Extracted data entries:
'''
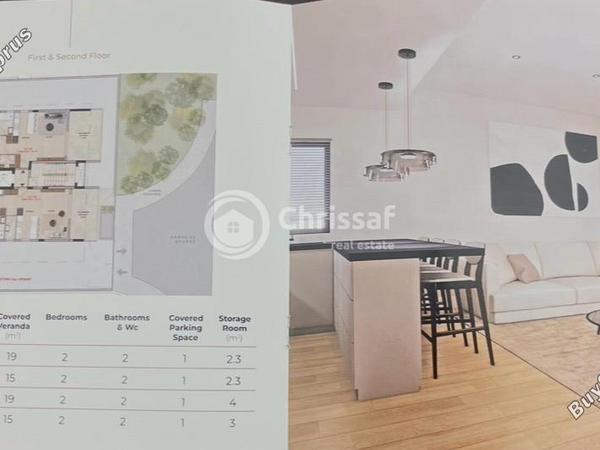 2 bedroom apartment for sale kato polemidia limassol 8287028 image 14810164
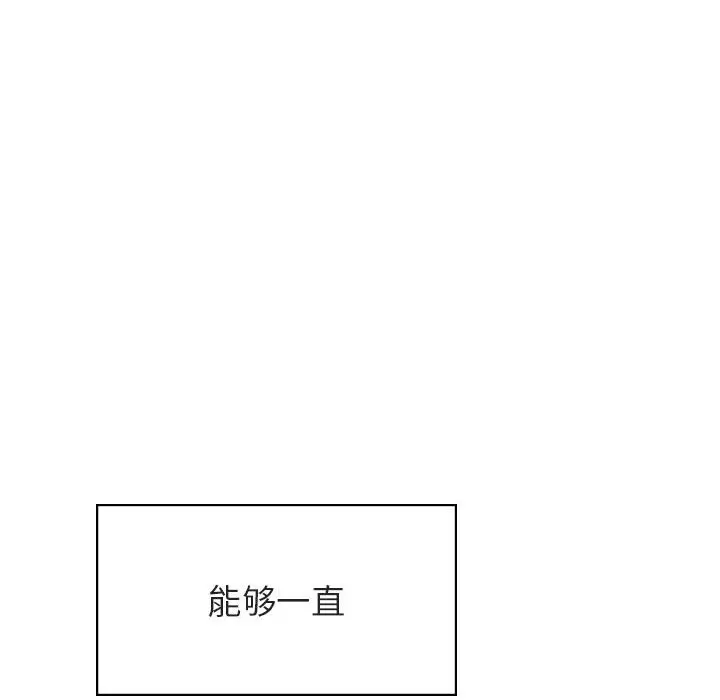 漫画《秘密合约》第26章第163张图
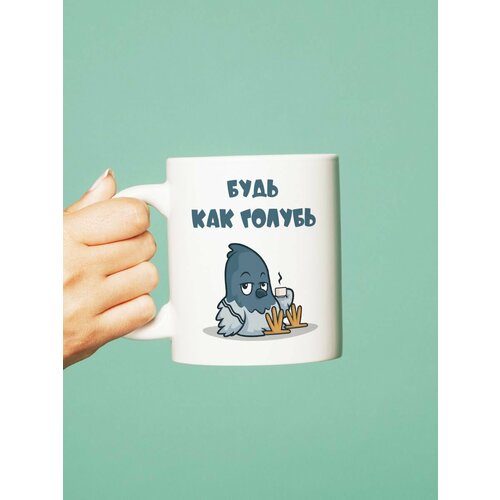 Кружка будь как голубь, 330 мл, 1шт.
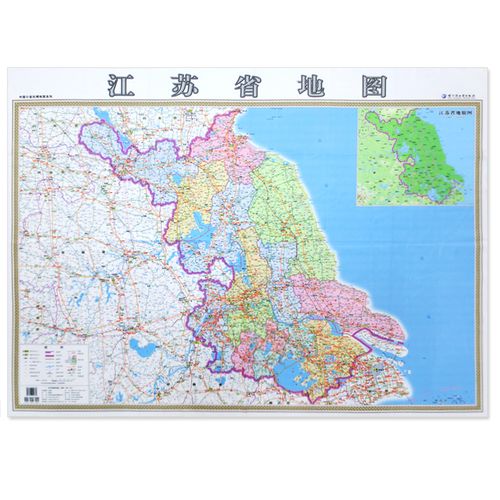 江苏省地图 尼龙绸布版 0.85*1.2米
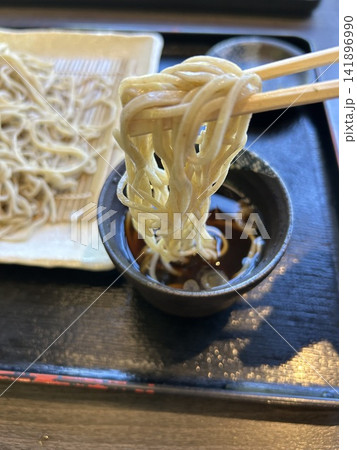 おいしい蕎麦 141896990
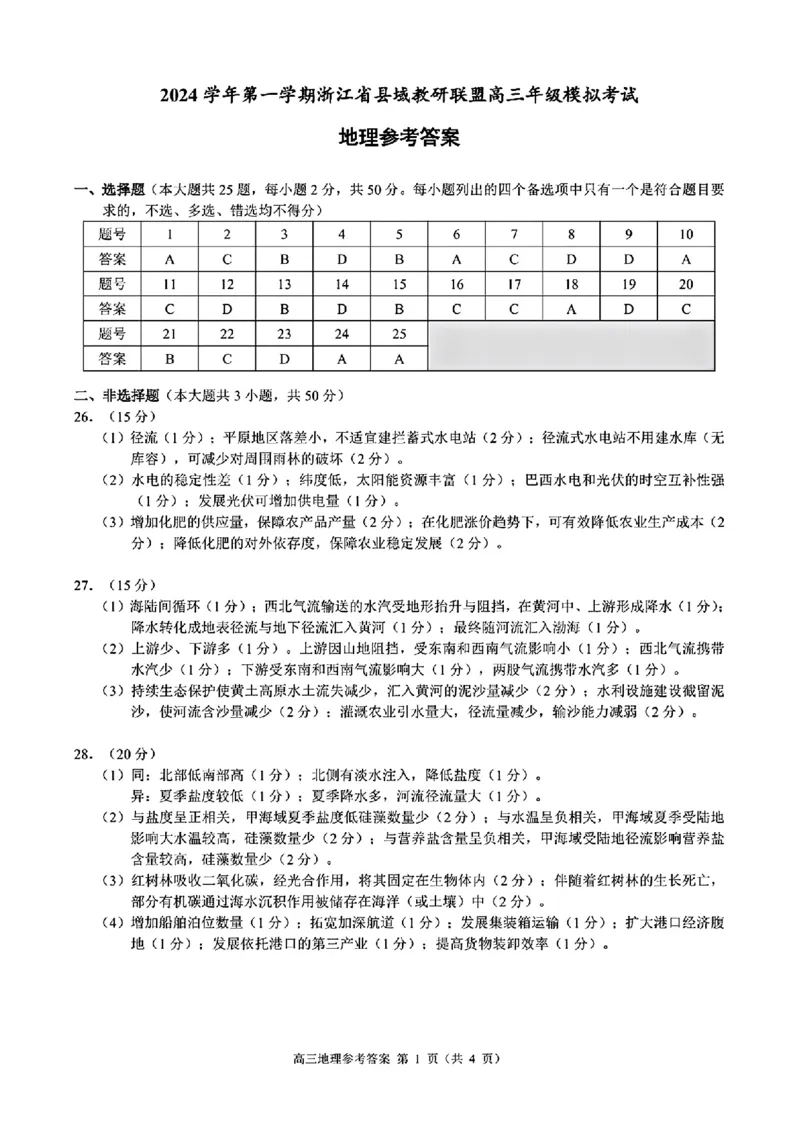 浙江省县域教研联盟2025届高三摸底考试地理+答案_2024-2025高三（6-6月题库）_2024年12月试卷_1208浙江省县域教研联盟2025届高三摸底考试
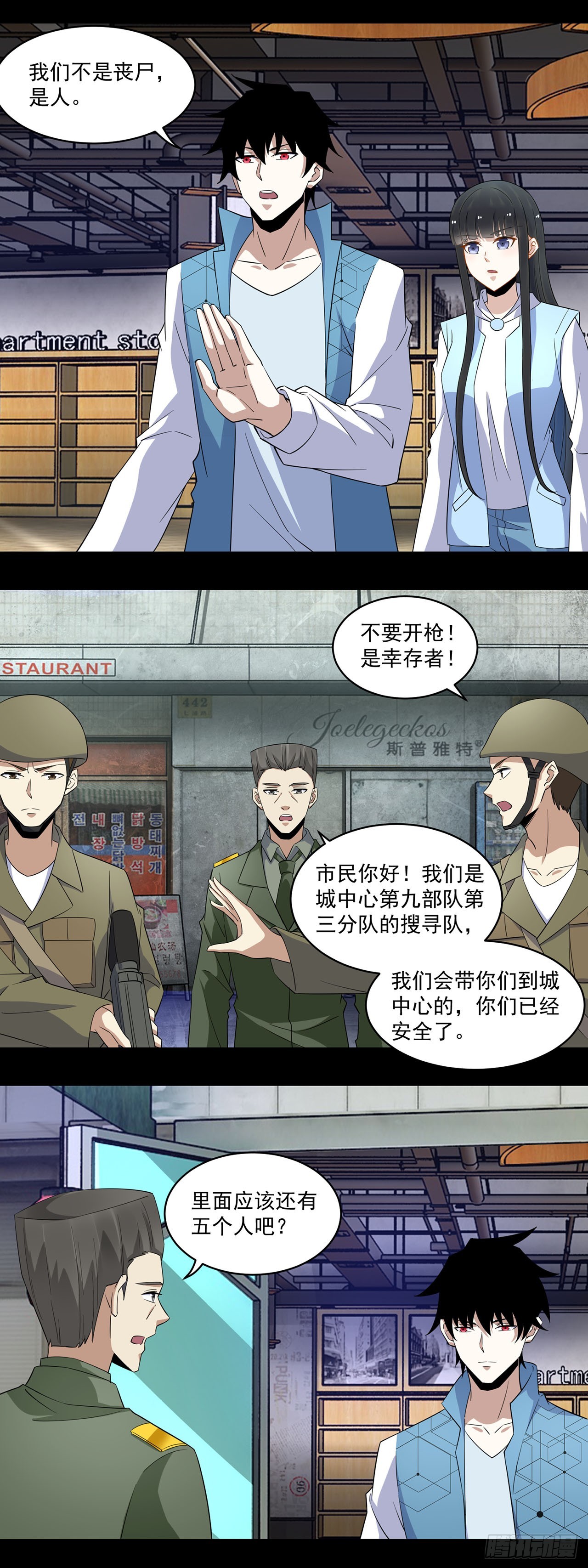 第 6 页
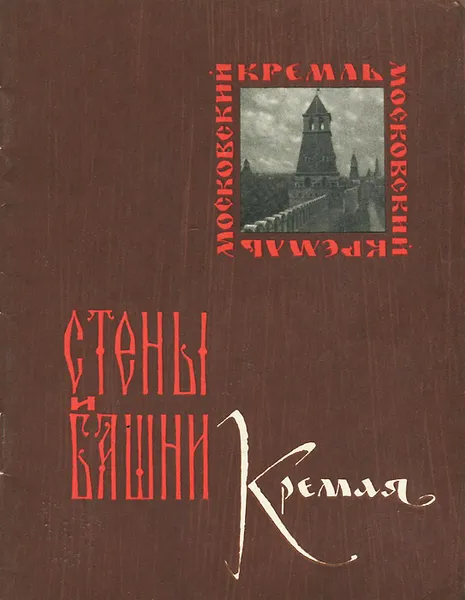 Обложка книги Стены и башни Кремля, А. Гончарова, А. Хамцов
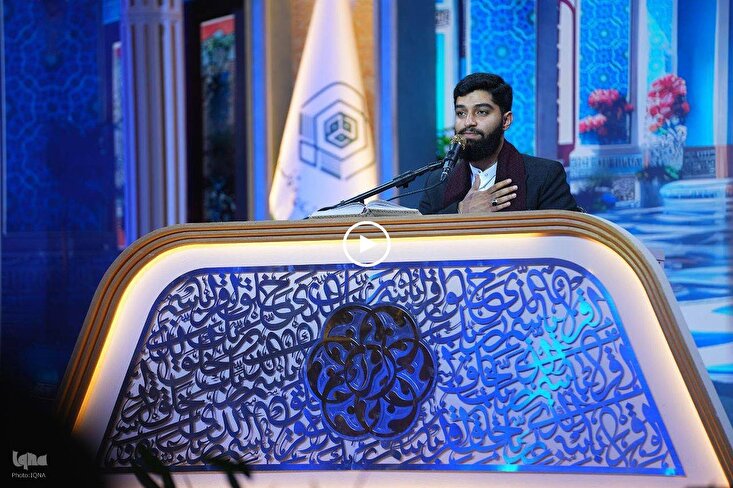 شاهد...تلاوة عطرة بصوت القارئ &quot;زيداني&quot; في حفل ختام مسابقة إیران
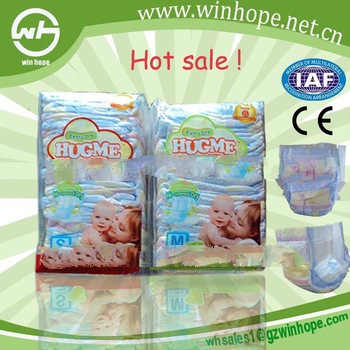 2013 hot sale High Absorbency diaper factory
'''
=== Task directions ===
Only the lines from the line with "漫画《秘密合约》第26章第163张图" through the end of the records belong in your copy. Repeat them exactly, without pictures.

=== Answer to the exercise ===
 漫画《秘密合约》第26章第163张图
 Кружка будь как голубь, 330 мл, 1шт.
 江苏省地图 尼龙绸布版 0.85*1.2米
 おいしい蕎麦 141896990
 浙江省县域教研联盟2025届高三摸底考试地理+答案_2024-2025高三（6-6月题库）_2024年12月试卷_1208浙江省县域教研联盟2025届高三摸底考试
 第 6 页
 Обложка книги Стены и башни Кремля, А. Гончарова, А. Хамцов
 شاهد...تلاوة عطرة بصوت القارئ &quot;زيداني&quot; في حفل ختام مسابقة إیران
 2013 hot sale High Absorbency diaper factory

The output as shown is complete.